Compiler Design Notes
UNIT I: Lexical Analysis & Syntax Analysis
**Language Processors:** Systems that process programs to make them executable.
Examples: compilers, interpreters, assemblers.
**Structure of a Compiler:** Phases include lexical analysis, syntax analysis, semantic
analysis, intermediate code generation, code optimization, and code generation.
**Lexical Analysis:** Converts characters to tokens. Removes whitespace/comments.
**Role of Lexical Analyzer:**
- Tokenizes input
- Removes whitespace/comments
- Passes tokens to parser
**Bootstrapping:** Writing a compiler in the source programming language it intends to
compile.
**Input Buffering:** Technique for efficient scanning using buffers with sentinel characters.
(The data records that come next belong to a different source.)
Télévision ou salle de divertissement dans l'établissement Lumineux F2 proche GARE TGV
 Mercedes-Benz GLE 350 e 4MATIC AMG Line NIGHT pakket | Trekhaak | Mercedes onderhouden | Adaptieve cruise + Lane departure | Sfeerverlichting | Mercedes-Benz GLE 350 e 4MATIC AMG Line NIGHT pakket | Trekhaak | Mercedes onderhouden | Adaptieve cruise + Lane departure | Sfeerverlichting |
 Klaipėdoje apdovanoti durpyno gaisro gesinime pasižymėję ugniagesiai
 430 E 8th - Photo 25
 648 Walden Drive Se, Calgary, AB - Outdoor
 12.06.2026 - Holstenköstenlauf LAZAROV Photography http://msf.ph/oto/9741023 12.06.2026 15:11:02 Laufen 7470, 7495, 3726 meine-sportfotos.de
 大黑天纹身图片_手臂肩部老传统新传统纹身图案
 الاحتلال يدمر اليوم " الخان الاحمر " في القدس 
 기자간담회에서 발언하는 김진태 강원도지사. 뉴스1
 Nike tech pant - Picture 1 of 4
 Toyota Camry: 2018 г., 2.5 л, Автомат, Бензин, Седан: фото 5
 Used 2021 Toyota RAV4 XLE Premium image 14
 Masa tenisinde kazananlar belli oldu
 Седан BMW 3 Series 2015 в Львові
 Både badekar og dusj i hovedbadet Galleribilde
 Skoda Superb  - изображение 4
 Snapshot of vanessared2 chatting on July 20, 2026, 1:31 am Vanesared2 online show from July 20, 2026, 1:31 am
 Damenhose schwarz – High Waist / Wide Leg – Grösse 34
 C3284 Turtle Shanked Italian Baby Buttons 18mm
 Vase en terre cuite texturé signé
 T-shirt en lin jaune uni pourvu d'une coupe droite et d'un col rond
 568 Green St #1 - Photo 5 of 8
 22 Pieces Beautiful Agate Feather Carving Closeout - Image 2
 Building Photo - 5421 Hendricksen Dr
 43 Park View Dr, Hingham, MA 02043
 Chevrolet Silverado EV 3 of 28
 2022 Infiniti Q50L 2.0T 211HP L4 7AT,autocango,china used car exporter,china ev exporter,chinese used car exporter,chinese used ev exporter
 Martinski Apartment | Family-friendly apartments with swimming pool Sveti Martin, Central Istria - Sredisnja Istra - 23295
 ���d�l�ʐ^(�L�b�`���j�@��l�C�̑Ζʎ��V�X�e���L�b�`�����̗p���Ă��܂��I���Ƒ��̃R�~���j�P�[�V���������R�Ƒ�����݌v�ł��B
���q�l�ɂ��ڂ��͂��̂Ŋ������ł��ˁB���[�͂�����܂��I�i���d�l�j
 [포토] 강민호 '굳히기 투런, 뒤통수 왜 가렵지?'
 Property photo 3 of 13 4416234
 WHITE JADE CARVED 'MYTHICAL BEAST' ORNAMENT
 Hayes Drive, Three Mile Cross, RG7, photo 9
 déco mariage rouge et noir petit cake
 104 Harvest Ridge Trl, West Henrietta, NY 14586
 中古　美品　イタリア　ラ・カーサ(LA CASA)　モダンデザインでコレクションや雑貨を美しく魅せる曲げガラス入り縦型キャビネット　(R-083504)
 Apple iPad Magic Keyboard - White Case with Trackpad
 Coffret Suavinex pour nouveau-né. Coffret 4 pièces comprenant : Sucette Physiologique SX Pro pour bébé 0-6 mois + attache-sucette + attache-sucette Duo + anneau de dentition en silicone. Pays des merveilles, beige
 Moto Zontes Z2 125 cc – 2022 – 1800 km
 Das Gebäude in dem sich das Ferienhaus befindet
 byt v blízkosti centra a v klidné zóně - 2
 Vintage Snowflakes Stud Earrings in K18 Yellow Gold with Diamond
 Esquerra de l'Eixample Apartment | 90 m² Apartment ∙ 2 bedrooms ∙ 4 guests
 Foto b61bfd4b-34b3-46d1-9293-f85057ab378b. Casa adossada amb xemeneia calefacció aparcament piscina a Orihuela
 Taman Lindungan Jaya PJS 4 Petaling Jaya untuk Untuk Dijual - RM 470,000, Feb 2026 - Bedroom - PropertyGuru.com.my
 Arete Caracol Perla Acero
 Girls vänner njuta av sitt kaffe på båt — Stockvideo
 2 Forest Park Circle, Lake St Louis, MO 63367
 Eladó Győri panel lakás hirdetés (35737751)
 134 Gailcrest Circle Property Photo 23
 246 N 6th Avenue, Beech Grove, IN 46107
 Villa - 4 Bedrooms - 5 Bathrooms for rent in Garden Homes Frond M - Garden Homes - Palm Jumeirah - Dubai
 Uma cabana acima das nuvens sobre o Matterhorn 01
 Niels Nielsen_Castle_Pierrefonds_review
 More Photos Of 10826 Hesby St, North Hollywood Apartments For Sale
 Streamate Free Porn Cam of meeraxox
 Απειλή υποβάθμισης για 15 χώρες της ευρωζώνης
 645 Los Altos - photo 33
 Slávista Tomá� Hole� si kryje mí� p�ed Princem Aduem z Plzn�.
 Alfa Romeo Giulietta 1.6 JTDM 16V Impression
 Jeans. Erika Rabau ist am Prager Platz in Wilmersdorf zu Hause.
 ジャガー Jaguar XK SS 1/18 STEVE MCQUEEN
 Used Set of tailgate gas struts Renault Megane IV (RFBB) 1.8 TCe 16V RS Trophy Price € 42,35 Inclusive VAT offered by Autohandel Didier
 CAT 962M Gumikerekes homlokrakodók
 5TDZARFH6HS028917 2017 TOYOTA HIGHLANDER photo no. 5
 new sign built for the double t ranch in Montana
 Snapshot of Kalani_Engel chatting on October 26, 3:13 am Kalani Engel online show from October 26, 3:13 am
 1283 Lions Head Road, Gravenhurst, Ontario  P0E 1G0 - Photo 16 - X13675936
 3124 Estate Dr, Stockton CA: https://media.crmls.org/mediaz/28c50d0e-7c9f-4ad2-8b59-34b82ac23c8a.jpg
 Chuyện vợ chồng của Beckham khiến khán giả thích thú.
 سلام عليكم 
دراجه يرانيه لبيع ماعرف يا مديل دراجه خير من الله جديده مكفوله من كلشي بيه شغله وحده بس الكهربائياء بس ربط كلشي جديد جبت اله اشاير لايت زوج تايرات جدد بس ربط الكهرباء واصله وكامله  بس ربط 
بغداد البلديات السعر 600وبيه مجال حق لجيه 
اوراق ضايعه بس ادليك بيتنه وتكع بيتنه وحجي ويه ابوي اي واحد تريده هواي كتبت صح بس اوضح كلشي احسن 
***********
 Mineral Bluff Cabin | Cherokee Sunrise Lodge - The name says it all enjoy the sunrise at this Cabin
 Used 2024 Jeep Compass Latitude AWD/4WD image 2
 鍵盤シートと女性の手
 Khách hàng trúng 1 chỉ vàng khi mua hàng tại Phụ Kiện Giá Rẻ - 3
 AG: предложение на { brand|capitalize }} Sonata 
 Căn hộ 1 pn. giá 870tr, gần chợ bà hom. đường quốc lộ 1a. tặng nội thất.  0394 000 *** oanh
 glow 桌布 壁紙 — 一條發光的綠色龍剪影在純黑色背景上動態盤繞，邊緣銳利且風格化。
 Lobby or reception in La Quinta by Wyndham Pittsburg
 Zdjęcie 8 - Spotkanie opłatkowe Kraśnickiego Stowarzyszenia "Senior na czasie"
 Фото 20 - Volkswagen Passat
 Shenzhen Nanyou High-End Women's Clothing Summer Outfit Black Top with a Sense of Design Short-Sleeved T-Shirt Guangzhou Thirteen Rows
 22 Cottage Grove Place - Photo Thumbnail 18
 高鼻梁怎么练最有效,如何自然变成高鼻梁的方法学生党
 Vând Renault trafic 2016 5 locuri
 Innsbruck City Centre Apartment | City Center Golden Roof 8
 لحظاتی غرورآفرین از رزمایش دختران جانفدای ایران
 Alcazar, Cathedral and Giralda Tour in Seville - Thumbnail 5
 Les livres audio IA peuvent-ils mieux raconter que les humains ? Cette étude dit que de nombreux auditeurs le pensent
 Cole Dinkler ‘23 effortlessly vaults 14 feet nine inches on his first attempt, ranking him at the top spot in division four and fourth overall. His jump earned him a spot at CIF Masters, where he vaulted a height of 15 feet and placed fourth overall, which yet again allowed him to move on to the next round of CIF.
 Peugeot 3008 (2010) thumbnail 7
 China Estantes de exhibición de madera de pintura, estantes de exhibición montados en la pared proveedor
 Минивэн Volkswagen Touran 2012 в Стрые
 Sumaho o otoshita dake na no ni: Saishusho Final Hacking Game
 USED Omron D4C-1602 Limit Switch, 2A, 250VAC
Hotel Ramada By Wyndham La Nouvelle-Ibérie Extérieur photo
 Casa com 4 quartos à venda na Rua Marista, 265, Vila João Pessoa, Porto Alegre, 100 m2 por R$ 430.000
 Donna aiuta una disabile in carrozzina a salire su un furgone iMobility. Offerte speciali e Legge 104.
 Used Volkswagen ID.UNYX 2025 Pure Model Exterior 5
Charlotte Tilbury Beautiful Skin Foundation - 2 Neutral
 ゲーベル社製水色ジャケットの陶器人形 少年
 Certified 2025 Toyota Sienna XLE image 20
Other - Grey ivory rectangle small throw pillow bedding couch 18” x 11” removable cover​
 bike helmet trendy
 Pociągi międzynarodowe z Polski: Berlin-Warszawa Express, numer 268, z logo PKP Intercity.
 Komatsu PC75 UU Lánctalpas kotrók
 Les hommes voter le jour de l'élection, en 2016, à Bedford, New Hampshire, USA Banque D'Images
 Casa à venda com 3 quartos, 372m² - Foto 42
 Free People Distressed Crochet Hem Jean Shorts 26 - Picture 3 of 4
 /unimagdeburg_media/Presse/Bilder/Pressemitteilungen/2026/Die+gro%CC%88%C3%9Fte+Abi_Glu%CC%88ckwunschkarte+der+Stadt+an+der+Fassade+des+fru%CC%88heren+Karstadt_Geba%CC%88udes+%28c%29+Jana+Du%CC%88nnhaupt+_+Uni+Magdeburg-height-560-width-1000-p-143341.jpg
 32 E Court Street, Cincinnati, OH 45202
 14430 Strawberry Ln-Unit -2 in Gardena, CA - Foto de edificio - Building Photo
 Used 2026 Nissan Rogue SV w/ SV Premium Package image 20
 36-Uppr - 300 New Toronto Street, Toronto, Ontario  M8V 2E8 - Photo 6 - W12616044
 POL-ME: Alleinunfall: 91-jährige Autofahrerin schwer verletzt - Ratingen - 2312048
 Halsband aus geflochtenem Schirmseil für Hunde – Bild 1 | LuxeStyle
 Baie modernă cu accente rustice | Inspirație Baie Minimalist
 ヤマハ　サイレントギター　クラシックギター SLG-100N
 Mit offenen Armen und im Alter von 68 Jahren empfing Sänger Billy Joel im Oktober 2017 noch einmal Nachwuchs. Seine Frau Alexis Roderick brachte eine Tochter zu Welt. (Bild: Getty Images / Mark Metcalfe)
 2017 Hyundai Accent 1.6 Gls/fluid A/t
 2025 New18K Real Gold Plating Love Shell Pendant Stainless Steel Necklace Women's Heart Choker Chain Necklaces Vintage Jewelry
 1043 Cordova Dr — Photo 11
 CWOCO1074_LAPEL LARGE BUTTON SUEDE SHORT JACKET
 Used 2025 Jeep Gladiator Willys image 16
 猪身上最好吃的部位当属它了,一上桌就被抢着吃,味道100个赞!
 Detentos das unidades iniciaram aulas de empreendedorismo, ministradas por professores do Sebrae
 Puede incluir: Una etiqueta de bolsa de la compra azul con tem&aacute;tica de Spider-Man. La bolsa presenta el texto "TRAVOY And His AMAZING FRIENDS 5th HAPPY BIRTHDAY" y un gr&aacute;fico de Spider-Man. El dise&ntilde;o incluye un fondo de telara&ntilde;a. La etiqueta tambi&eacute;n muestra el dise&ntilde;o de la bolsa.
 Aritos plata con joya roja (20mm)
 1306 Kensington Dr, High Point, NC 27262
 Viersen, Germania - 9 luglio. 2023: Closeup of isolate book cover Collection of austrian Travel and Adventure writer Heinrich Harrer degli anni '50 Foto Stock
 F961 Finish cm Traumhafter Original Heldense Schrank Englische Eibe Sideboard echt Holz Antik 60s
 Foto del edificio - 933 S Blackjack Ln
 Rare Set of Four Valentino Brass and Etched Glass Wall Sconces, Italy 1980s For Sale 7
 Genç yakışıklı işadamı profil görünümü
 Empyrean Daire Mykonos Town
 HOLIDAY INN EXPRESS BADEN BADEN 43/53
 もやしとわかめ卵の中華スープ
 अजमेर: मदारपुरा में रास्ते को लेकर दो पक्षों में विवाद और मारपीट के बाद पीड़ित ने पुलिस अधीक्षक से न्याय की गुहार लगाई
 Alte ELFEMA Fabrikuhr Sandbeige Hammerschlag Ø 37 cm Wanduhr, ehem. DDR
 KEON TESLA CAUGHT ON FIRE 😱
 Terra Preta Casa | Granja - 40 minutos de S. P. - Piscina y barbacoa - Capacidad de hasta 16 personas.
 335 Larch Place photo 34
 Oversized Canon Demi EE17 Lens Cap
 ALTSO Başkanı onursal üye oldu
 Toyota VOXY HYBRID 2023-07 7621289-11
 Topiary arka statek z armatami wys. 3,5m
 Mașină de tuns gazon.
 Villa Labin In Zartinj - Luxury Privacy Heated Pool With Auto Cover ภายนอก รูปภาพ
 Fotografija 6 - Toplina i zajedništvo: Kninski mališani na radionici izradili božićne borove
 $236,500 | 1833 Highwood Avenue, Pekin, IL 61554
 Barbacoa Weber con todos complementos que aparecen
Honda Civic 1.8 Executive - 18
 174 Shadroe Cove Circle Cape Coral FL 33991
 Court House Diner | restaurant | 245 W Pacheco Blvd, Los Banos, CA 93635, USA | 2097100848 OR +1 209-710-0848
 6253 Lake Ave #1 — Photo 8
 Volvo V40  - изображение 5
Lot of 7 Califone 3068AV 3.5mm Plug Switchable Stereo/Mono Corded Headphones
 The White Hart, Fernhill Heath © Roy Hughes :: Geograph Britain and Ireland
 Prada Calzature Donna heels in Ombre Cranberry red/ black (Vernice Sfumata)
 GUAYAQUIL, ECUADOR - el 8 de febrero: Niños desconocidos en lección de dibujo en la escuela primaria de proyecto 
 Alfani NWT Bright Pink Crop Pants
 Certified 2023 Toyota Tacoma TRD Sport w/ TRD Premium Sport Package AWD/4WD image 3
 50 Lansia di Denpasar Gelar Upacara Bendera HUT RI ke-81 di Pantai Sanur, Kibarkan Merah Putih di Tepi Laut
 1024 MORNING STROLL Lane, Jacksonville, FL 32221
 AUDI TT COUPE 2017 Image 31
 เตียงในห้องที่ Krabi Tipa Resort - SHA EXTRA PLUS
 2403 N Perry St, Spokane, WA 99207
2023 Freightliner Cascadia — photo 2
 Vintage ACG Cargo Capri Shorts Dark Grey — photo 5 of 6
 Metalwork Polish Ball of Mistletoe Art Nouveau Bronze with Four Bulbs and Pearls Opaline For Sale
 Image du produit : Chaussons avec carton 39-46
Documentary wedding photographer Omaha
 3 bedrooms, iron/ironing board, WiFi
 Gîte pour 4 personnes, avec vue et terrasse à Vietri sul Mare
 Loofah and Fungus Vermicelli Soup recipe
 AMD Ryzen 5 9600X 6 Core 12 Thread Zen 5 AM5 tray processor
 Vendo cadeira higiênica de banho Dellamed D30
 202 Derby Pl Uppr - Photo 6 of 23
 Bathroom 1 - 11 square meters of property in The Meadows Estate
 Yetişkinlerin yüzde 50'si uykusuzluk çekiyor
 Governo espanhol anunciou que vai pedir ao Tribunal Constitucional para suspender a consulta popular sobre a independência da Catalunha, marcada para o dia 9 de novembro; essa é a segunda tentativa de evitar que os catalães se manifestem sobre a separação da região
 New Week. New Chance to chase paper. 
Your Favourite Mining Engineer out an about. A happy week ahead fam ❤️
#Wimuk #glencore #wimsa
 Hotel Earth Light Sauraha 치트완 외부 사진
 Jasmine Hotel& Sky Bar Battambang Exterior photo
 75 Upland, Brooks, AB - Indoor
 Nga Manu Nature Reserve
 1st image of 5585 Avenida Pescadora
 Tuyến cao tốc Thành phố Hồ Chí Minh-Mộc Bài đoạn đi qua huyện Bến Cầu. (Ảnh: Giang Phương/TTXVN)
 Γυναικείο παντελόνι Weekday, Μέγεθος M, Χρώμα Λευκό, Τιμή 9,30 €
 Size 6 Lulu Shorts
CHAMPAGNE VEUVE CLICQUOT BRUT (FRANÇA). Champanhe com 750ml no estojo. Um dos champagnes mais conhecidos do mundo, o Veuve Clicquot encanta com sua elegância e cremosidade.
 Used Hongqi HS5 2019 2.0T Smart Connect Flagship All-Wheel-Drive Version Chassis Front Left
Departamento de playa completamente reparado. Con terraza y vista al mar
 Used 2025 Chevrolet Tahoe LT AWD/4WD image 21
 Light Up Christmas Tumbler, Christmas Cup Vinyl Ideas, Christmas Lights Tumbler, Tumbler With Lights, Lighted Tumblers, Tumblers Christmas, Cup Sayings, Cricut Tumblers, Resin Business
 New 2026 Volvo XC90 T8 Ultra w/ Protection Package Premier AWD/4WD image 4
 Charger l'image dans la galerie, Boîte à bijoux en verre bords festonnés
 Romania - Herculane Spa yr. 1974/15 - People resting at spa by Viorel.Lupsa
**Specification of Tokens:** Defined using regular expressions, e.g., identifier: `[a-zA-Z_][a-
zA-Z0-9_]*`
**Recognition of Tokens:** Finite Automata used to recognize token patterns.
**Lexical Analyzer Generator (LEX):** Tool that generates lexical analyzers. Example:
DIGIT [0-9]
%%
{DIGIT}+ { printf("Number"); }
%%
**Finite Automata:** DFA/NFA used to implement lexical analyzers.
**Regular Expressions and Finite Automata:** REs define languages recognized by FA.
**Design of Lexical Analyzer Generator:** Converts REs to NFA -> DFA -> minimized DFA ->
code.
**Syntax Analysis:** Checks token sequence against grammar rules.
**Role of the Parser:** Detects syntax errors, builds parse trees.
**Context-Free Grammars (CFG):** Consist of terminals, non-terminals, start symbol, and
productions.
**Derivations and Parse Trees:** Show how strings derive from grammar. Leftmost and
rightmost derivations.
**Ambiguity:** A grammar with multiple parse trees for the same string.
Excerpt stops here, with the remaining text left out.